Carlo Furno (2 December 1921 – 9 December 2015) was an Italian cardinal of the Catholic Church.

Early life and career
Furno was born in Bairo, Piedmont, in 1921. He was educated at the diocesan College at Ivrea and later at the Seminary of Ivrea, where he studied philosophy and theology. He was sent to the Theological Faculty, Crocetto Salesian Athenaeum in Turin, (1948–1949) and later the Pontifical Roman Seminary, Rome where he took a doctorate in utroque iure, both canon and civil law, (1953). Furno was summoned to the elite Pontifical Ecclesiastical Academy, Rome from 1951 to 1953 where he took practical courses in diplomacy. After his priestly ordination on 25 June 1944 and six years of pastoral work in his home diocese, he began a career in the diplomatic service of the Holy See.

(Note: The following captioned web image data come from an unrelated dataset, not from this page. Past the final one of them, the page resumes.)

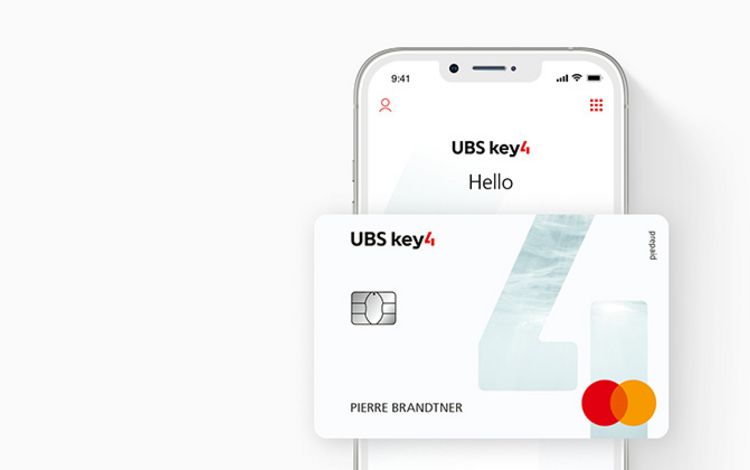 Smartphone-Ansicht und Karte der digitalen App UBS Key4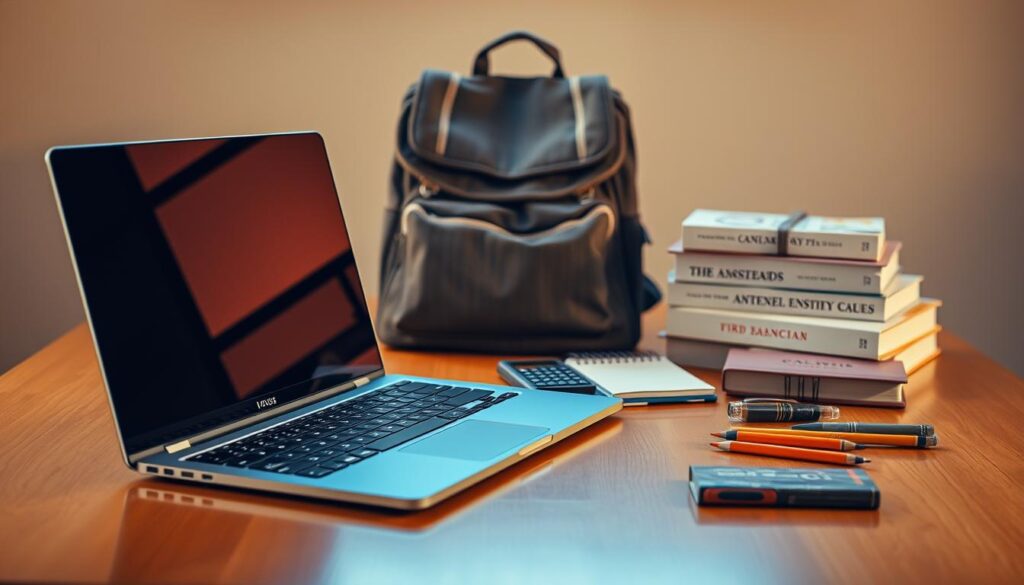 A neatly arranged display of college essentials - a laptop, textbooks, stationery, and a backpack resting on a polished wooden table. The scene is bathed in warm, diffused lighting, creating a cozy, studious atmosphere. In the foreground, a sleek, modern laptop stands open, its screen reflecting the scene. Surrounding it, an array of carefully selected items - pens, pencils, a calculator, and a planner - are meticulously organized, conveying a sense of preparedness and attention to detail. In the middle ground, a sturdy, well-made backpack sits, symbolizing the protection and safekeeping of these personal belongings. The background features a neutral, slightly blurred backdrop, allowing the focus to remain on the carefully curated collection of items, communicating the importance of securing one's most valuable possessions during the college experience.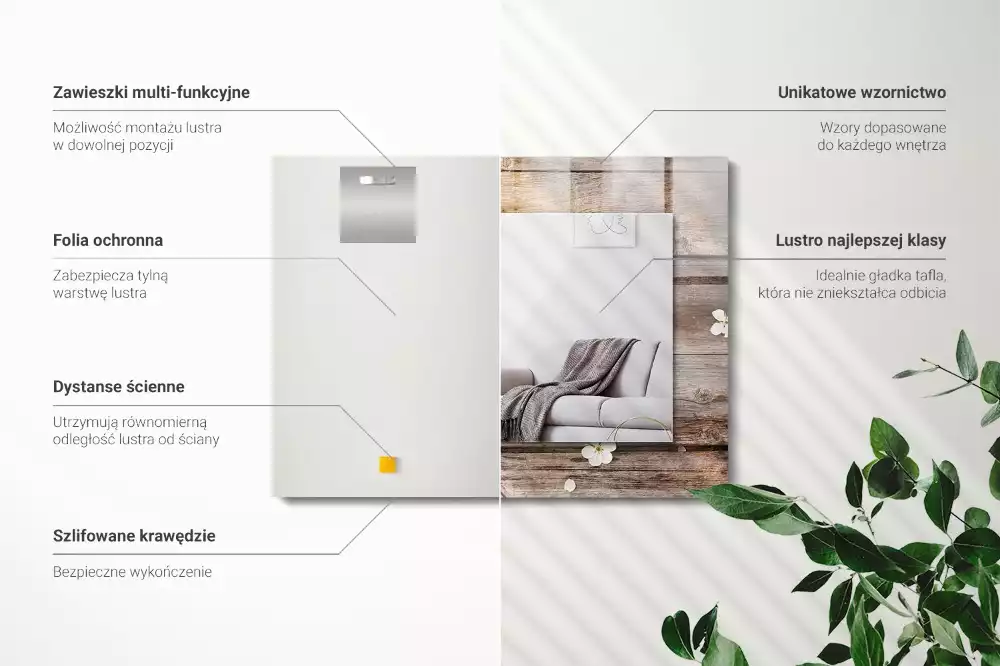 Négyszögletes díszes tükör Virágok a fán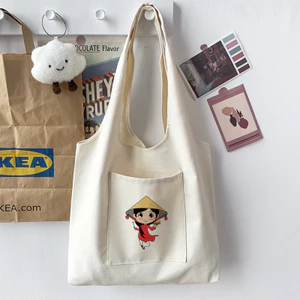 Túi vải Canvas liền thân in họa tiết Nón Lá và Tà Áo Dài xinh xắn, giá rẻ, túi Tote, đeo vai phù hợp đi làm, đi chơi.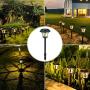 6 Pack Large Solar Lights Outdoor Waterproof, Lights Sun Powered, Black Stainless Steel Glass Garden Pathway Lights, 20 Lumen LED Solar Landscape Lighting for Lawn, Yard and Driveway - White Lights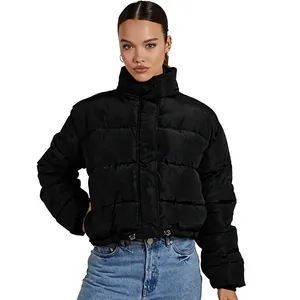 Blouson Bomber Long d'Hiver Noir Personnalisé pour Femme, 100% Polyester Écologique, Coupe-Vent Respirant avec Fermeture Éclair – Vente en Gros - Product Image 4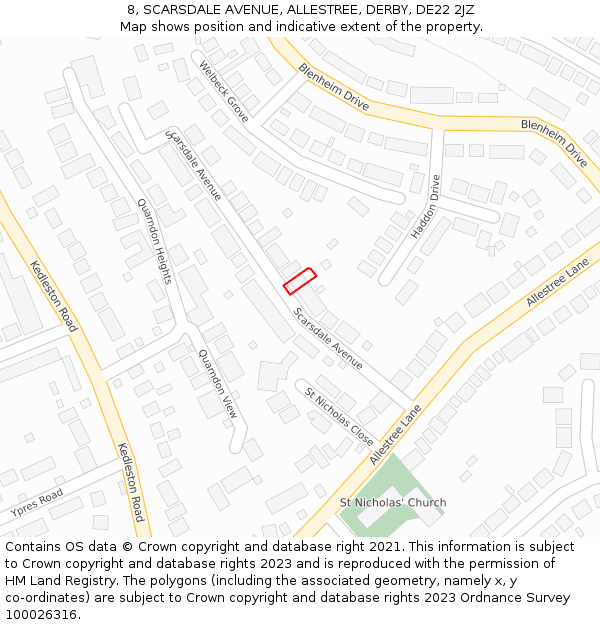 8, SCARSDALE AVENUE, ALLESTREE, DERBY, DE22 2JZ: Location map and indicative extent of plot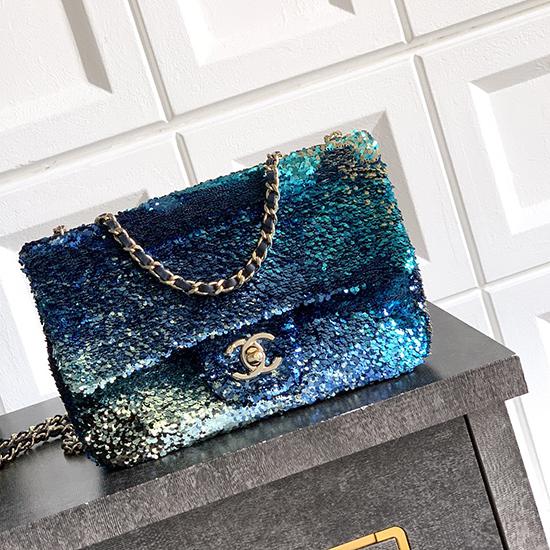 Small Chanel Sequins Shoulder Bag Blue CF2507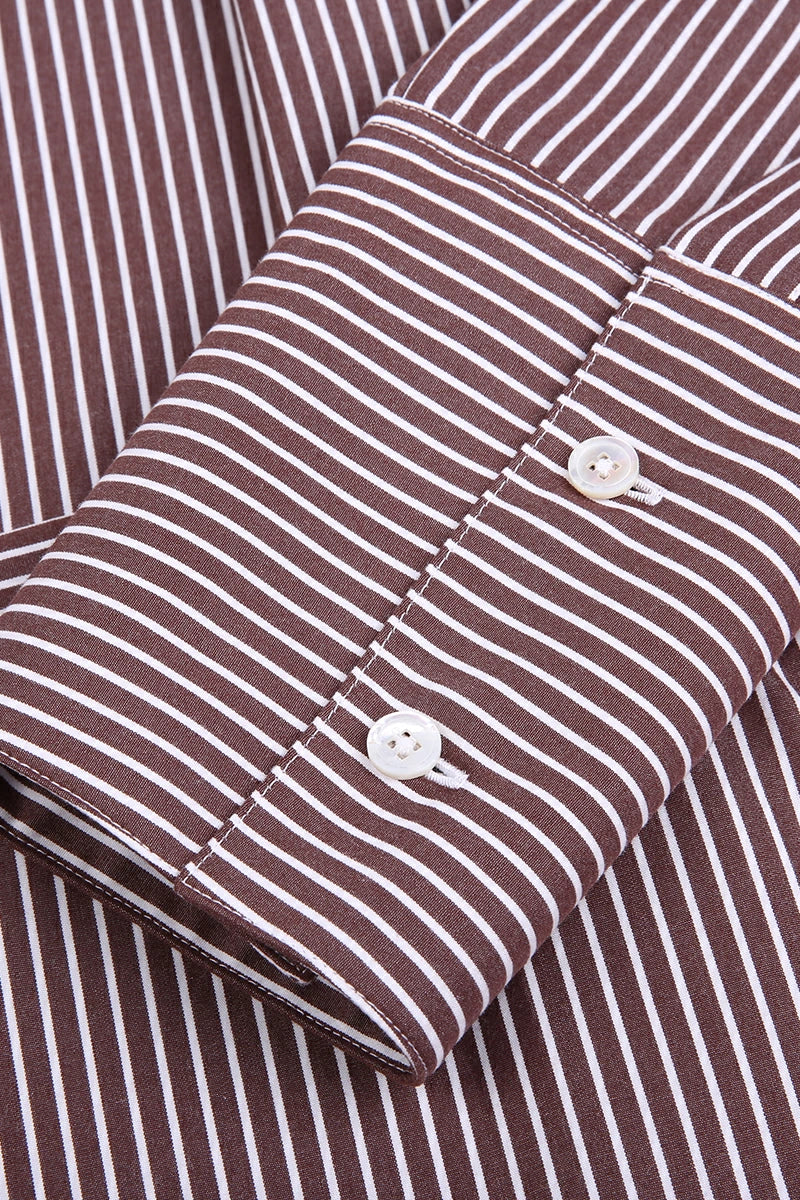 Savile Row Striped Cotton Women's Shirt Dress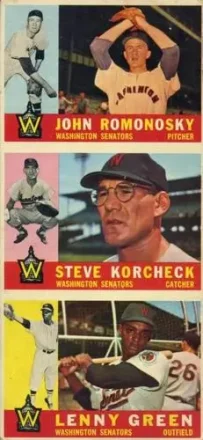 1960 Topps - Salesman Samples #NNO - John Romonosky - Steve Korcheck - Lenny Green - Washington Senators - Washington Senators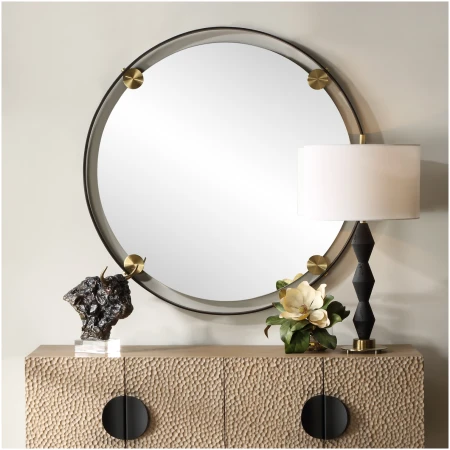 Uttermost Radius Round Bronze Iron Mirror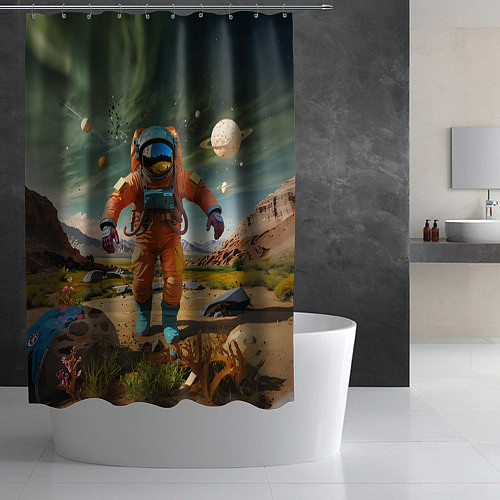 Шторка для ванной Космонавт в оранжевом костюме / 3D-принт – фото 2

He worked in a subordinate role in Colombia, Ecuador and Jerusalem, and then in the Secretariat of State.  Following these assignments and episcopal consecration on 16 September 1973, he served as Apostolic Nuncio (Papal Ambassador) successively to Peru, Lebanon, Brazil and Italy.

Cardinal
He was created Cardinal-Deacon of Sacro Cuore di Cristo Re on 26 November 1994. After ten years he opted to become Cardinal Priest of that church. From 2005 until his death in late 2015 he was Cardinal-Priest of Sant'Onofrio, in recognition that the church is  the Order's headquarters after the 15 August 1948, motu proprio of Pius XII establishing that the Order's headquarters should be transferred from Jerusalem to Rome. Pope John Paul II appointed him Grand Master of the Equestrian Order of the Holy Sepulchre of Jerusalem on 16 December 1995. The aforementioned Order, like the Knights of Malta, is a member of many international bodies and has observer status at others (such as the United Nations).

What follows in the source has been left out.